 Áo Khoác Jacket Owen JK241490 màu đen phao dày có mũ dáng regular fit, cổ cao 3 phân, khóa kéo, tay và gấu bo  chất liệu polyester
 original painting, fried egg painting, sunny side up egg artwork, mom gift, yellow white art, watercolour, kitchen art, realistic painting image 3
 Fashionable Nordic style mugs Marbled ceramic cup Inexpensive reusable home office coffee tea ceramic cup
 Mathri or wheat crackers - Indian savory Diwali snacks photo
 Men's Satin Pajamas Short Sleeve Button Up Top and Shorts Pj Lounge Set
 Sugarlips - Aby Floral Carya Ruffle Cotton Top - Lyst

...

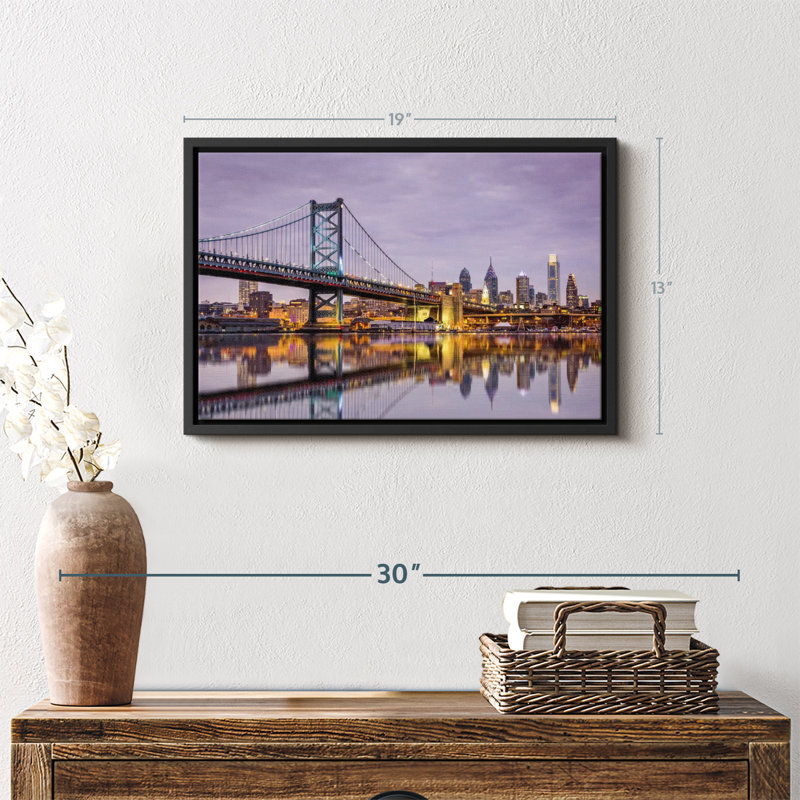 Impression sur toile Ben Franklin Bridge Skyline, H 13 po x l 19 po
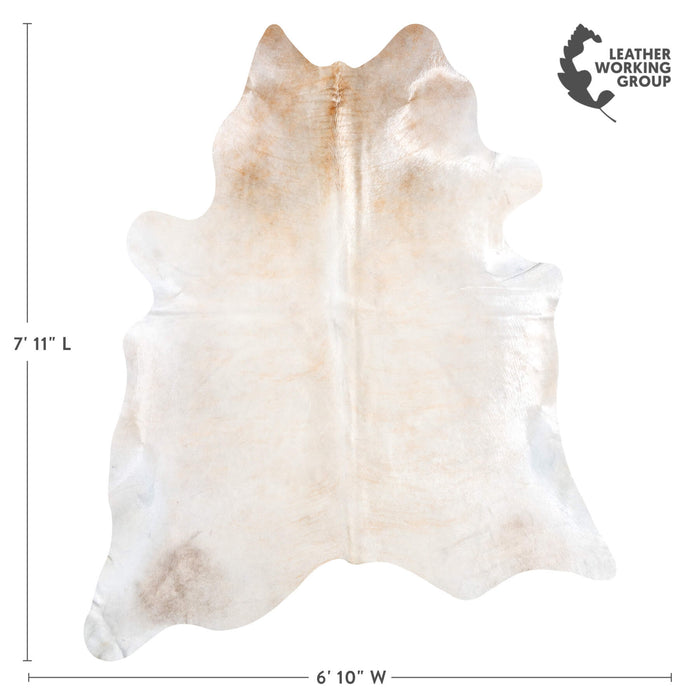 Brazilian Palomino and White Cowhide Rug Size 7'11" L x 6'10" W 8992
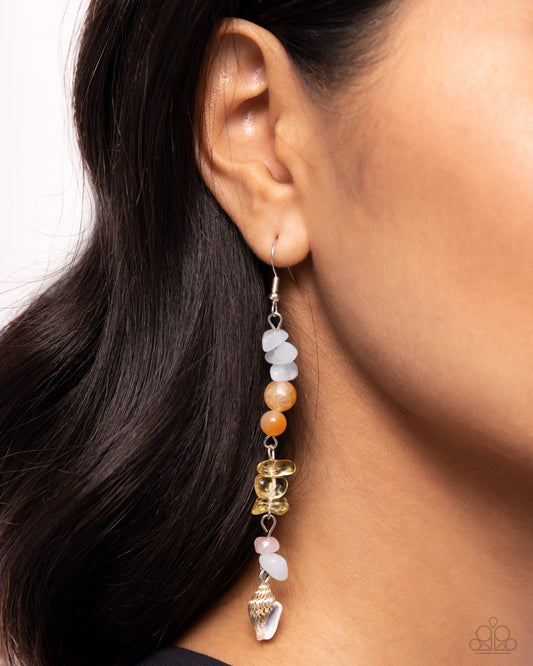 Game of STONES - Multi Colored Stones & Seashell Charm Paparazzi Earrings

TASK ITEM: In the listing above, find the line containing "Áo Khoác Jacket" and the line containing "Fashionable Nordic style", then quote both, plus every line between them, exactly as written.

ANSWER FOR THE TASK:
 Áo Khoác Jacket Owen JK241490 màu đen phao dày có mũ dáng regular fit, cổ cao 3 phân, khóa kéo, tay và gấu bo  chất liệu polyester
 original painting, fried egg painting, sunny side up egg artwork, mom gift, yellow white art, watercolour, kitchen art, realistic painting image 3
 Fashionable Nordic style mugs Marbled ceramic cup Inexpensive reusable home office coffee tea ceramic cup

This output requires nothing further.